Zulip Chat Archive

Stream: general

Topic: No refl?

Joseph O (Apr 22 2022 at 01:36):

How come in this proof i dont need refl. I had to write it in the Natural Number Game.

lemma add_succ_zero (a : nat) : a + succ(0) = succ(a) :=
begin
  rw add_succ,
  rw add_zero,
end

when i write refl, at the end, it tells me

tactic failed, there are no goals to be solved
state:
no goals

is it implicit now?

Julian Berman (Apr 22 2022 at 01:40):

The nng uses a simplified rw, essentially to make it a bit less confusing to learn

Julian Berman (Apr 22 2022 at 01:40):

But yes the real rw will basically automatically run refl after rewriting

Joseph O (Apr 22 2022 at 01:48):

Julian Berman said:

The nng uses a simplified rw, essentially to make it a bit less confusing to learn

what is the nng?

Joseph O (Apr 22 2022 at 01:48):

how can i use the real rw?

Alex J. Best (Apr 22 2022 at 01:49):

Nng= natural number game, outside of the game rw is the real rewrite and you don't need to do anything special to use it

Joseph O (Apr 22 2022 at 01:50):

oh right

Joseph O (Apr 22 2022 at 01:54):

like im surprised with real rw succ_eq_add_one is

lemma succ_eq_add_one (n : nat) : succ n = n + 1 :=
begin
  rw one_eq_succ_zero,
end

but with nng its

lemma succ_eq_add_one (n : nat) : succ n = n + 1 :=
begin
  rw one_eq_succ_zero,
  rw add_succ,
  rw add_zero,
  refl,
end

Alex J. Best (Apr 22 2022 at 02:47):

What happens if you try the first one in nng, just followed by refl?
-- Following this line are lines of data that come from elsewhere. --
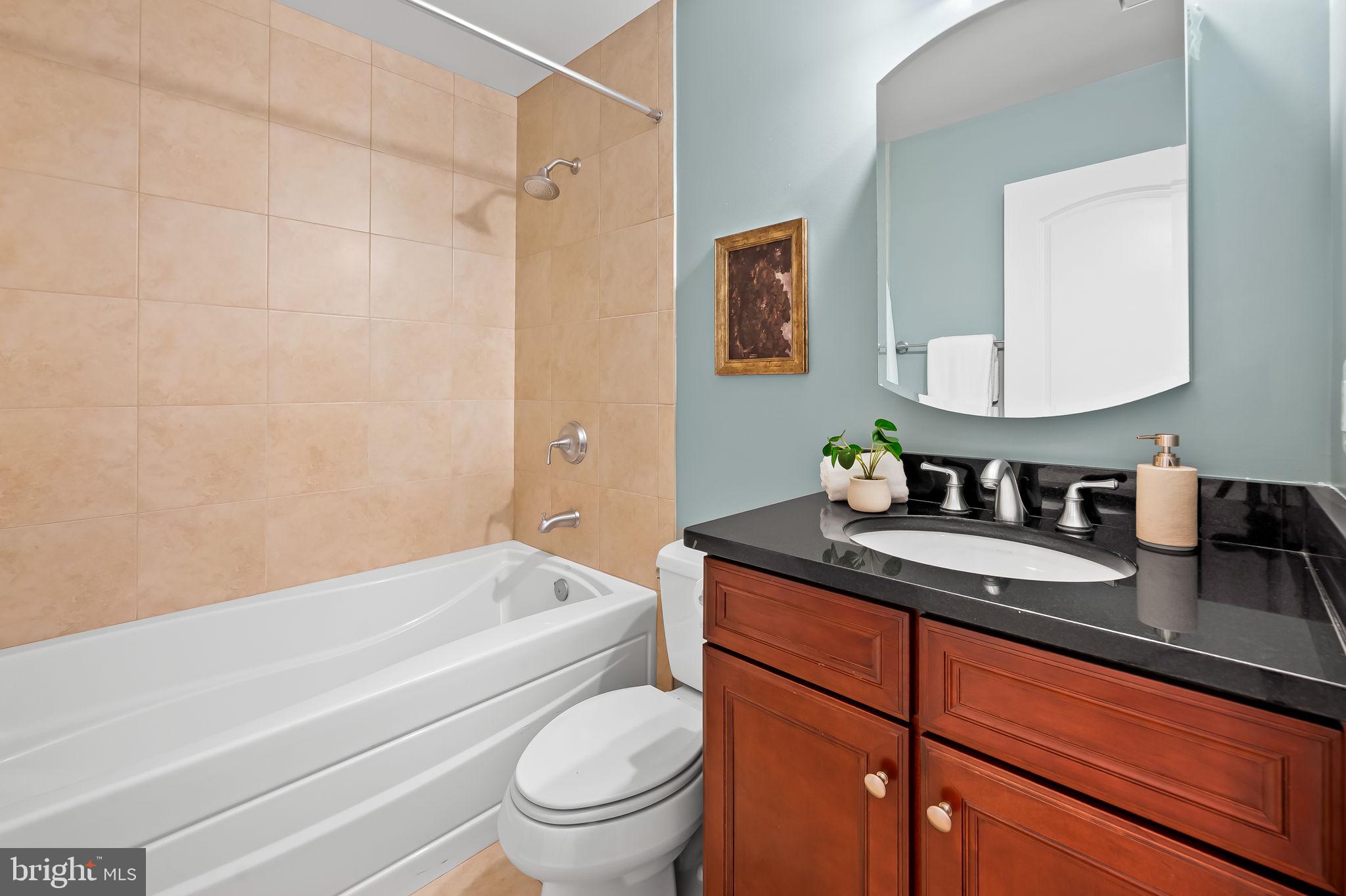 1024 Pier Pointe Landing, Unit 107 Baltimore, MD 21230 - Photo 28 of 51 a bathroom with a granite countertop sink mirror vanity and toilet
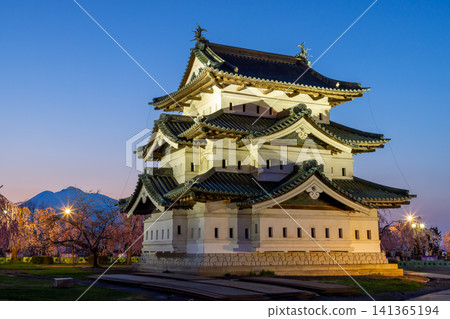 Hirosaki Park, Shimoshirogane-cho, Hirosaki City, Aomori Prefecture: Hirosaki Castle keep illuminated and the sunset over Mt. Iwaki, surrounded by cherry blossoms including weeping cherry trees. Hirosaki Park, Shimoshirogane-cho, Hirosaki City, Aomori Prefecture: Hirosaki Castle keep illuminated and the sunset over Mt. Iwaki, surrounded by cherry blossoms including weeping cherry trees. 141365194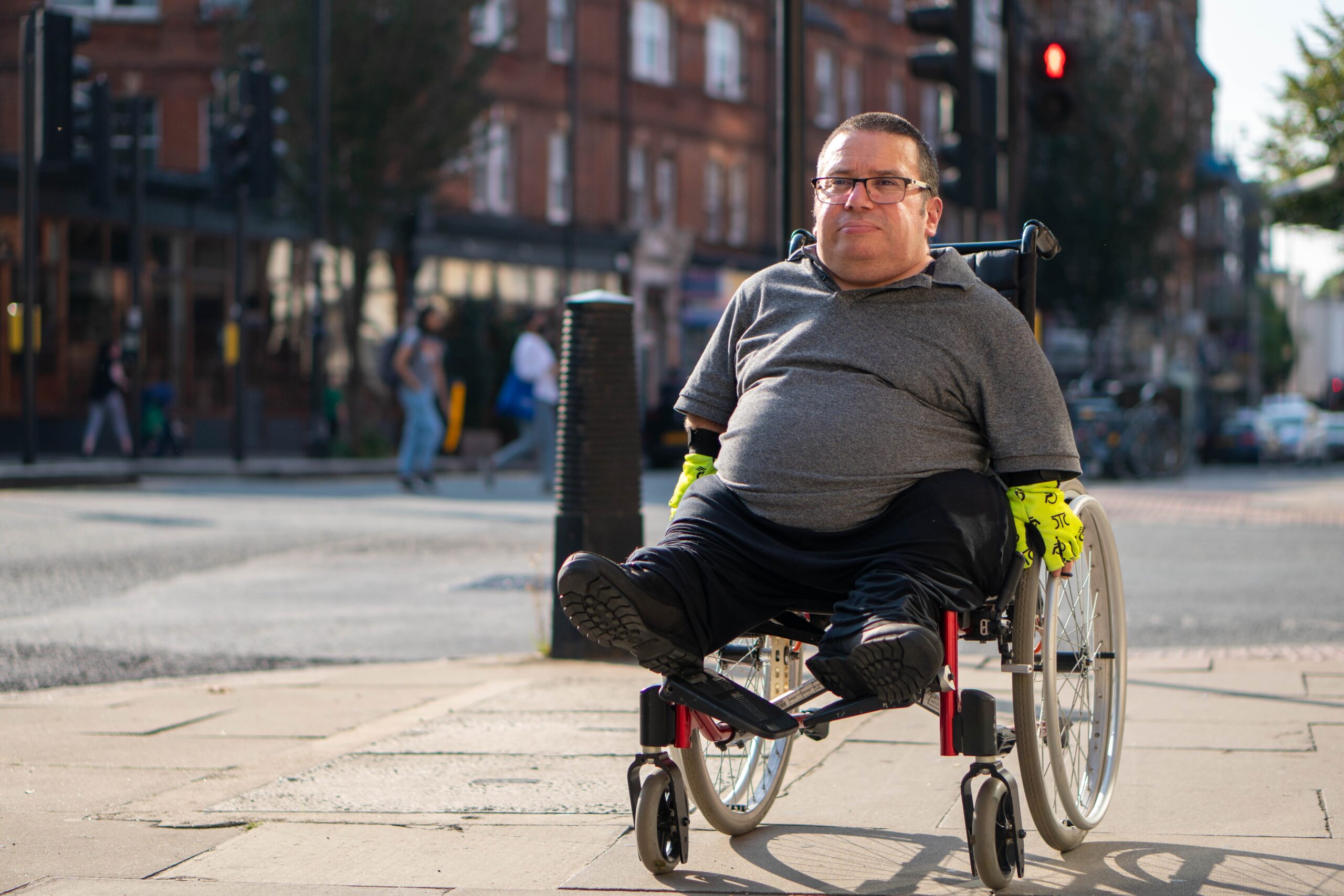 A man seated in a wheelchair on a street corner smiling.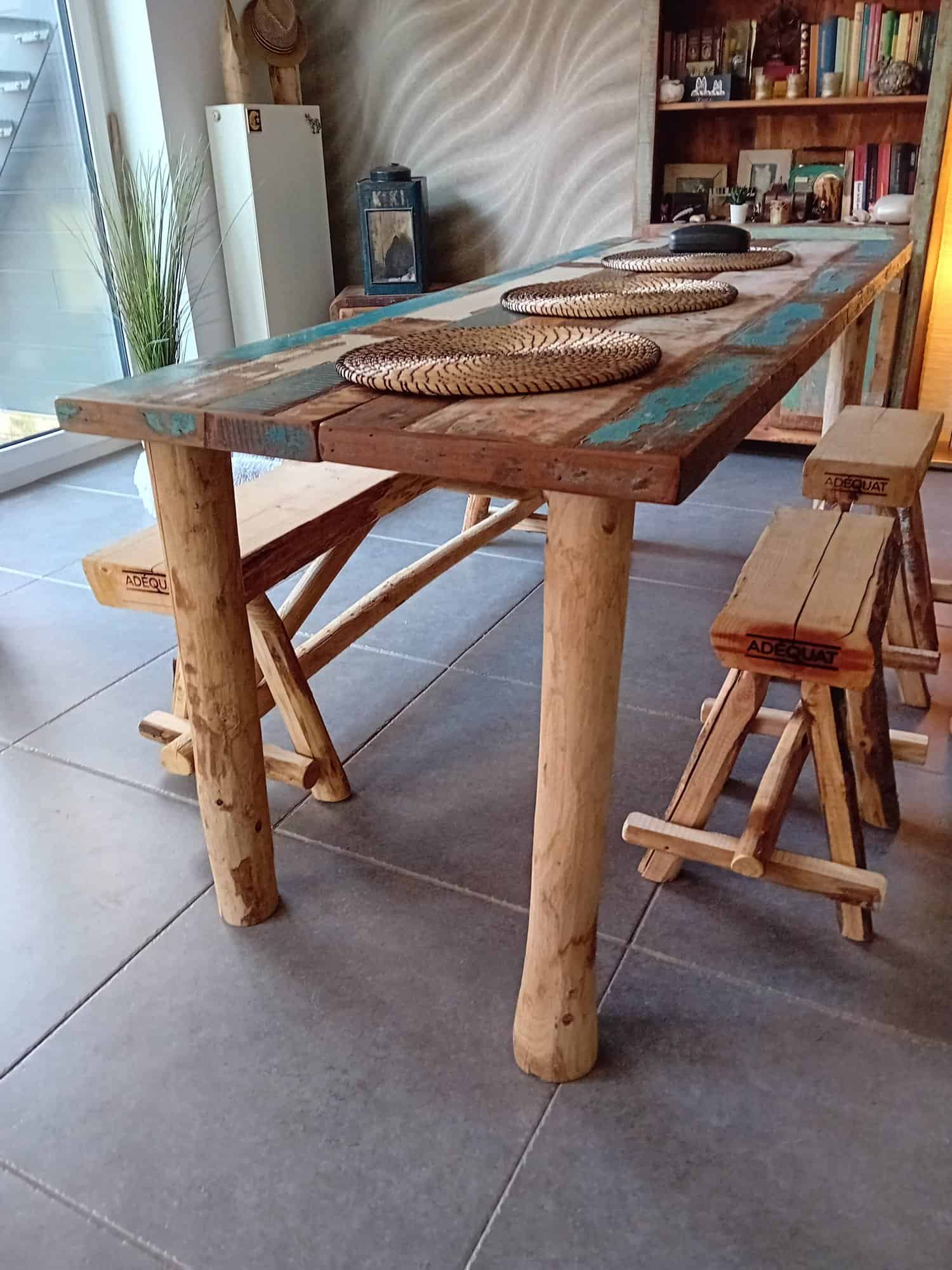 Boomstamkankje van kastanjehout van 150 cm breed en twee kastanjehouten krukjes. Deze staan bij een tafel binnen in de woning. De bankjes en de tafel stralen een Ibiza look uit.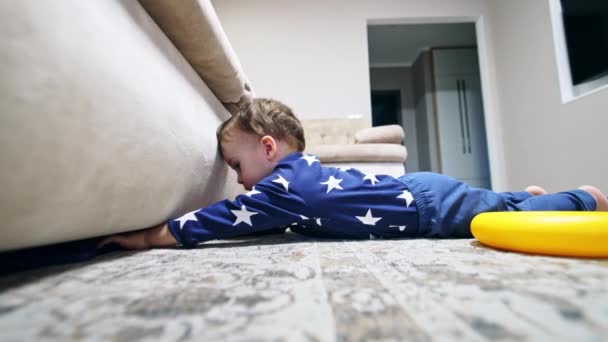 小孩把电话从沙发上拿开 身穿蓝色衣服的男婴躺在地板上 手伸向家具下面 — 图库视频影像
Alex J. Best (Apr 22 2022 at 02:47):

Does it work then? If add_succ and add_zero are proved by refl in the first place then it should be basically the same to do that

Joseph O (Apr 22 2022 at 12:28):

Alex J. Best said:

Does it work then? If add_succ and add_zero are proved by refl in the first place then it should be basically the same to do that

it doesn't prove it without them. It also seems like nng's rwa is analogous to the real rw.

Last updated: Dec 20 2023 at 11:08 UTC